**DATA SUPPLIED:**
▬▬▬

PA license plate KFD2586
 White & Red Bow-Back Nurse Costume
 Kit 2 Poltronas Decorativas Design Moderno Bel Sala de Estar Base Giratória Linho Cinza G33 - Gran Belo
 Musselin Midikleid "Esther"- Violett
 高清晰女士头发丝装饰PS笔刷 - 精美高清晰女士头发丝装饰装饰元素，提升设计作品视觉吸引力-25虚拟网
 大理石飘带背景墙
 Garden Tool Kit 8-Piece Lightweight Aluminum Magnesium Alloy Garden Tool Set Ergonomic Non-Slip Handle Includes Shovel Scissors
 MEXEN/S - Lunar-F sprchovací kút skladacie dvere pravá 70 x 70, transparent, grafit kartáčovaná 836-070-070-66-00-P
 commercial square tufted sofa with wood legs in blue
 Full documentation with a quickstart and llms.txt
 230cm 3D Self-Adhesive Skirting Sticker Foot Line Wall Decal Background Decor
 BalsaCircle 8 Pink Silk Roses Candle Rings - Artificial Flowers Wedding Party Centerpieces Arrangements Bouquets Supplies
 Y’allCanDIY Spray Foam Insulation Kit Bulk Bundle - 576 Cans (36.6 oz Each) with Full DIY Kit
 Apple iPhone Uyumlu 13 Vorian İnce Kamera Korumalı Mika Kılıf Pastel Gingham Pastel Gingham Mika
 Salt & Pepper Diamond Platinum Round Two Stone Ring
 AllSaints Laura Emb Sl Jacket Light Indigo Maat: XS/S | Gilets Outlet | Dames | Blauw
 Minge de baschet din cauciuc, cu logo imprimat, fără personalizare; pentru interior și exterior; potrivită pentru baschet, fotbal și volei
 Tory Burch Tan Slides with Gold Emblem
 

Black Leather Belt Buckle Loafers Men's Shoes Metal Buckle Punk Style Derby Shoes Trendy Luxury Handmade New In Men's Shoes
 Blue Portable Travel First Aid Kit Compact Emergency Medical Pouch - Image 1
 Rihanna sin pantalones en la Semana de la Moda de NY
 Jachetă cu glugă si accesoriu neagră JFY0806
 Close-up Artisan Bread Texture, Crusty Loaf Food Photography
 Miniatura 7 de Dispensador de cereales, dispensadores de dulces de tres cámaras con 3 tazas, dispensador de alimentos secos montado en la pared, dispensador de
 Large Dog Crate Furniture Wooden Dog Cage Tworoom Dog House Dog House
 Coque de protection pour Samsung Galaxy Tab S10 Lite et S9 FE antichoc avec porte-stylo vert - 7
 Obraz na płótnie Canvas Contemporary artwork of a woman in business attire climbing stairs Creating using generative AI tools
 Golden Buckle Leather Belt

▬▬▬

**EXERCISE DETAILS:**
None of the lines above may be skipped. Transcribe each one exactly.

**RESPONSE FOR THIS EXERCISE:**
PA license plate KFD2586
 White & Red Bow-Back Nurse Costume
 Kit 2 Poltronas Decorativas Design Moderno Bel Sala de Estar Base Giratória Linho Cinza G33 - Gran Belo
 Musselin Midikleid "Esther"- Violett
 高清晰女士头发丝装饰PS笔刷 - 精美高清晰女士头发丝装饰装饰元素，提升设计作品视觉吸引力-25虚拟网
 大理石飘带背景墙
 Garden Tool Kit 8-Piece Lightweight Aluminum Magnesium Alloy Garden Tool Set Ergonomic Non-Slip Handle Includes Shovel Scissors
 MEXEN/S - Lunar-F sprchovací kút skladacie dvere pravá 70 x 70, transparent, grafit kartáčovaná 836-070-070-66-00-P
 commercial square tufted sofa with wood legs in blue
 Full documentation with a quickstart and llms.txt
 230cm 3D Self-Adhesive Skirting Sticker Foot Line Wall Decal Background Decor
 BalsaCircle 8 Pink Silk Roses Candle Rings - Artificial Flowers Wedding Party Centerpieces Arrangements Bouquets Supplies
 Y’allCanDIY Spray Foam Insulation Kit Bulk Bundle - 576 Cans (36.6 oz Each) with Full DIY Kit
 Apple iPhone Uyumlu 13 Vorian İnce Kamera Korumalı Mika Kılıf Pastel Gingham Pastel Gingham Mika
 Salt & Pepper Diamond Platinum Round Two Stone Ring
 AllSaints Laura Emb Sl Jacket Light Indigo Maat: XS/S | Gilets Outlet | Dames | Blauw
 Minge de baschet din cauciuc, cu logo imprimat, fără personalizare; pentru interior și exterior; potrivită pentru baschet, fotbal și volei
 Tory Burch Tan Slides with Gold Emblem
 

Black Leather Belt Buckle Loafers Men's Shoes Metal Buckle Punk Style Derby Shoes Trendy Luxury Handmade New In Men's Shoes
 Blue Portable Travel First Aid Kit Compact Emergency Medical Pouch - Image 1
 Rihanna sin pantalones en la Semana de la Moda de NY
 Jachetă cu glugă si accesoriu neagră JFY0806
 Close-up Artisan Bread Texture, Crusty Loaf Food Photography
 Miniatura 7 de Dispensador de cereales, dispensadores de dulces de tres cámaras con 3 tazas, dispensador de alimentos secos montado en la pared, dispensador de
 Large Dog Crate Furniture Wooden Dog Cage Tworoom Dog House Dog House
 Coque de protection pour Samsung Galaxy Tab S10 Lite et S9 FE antichoc avec porte-stylo vert - 7
 Obraz na płótnie Canvas Contemporary artwork of a woman in business attire climbing stairs Creating using generative AI tools
 Golden Buckle Leather Belt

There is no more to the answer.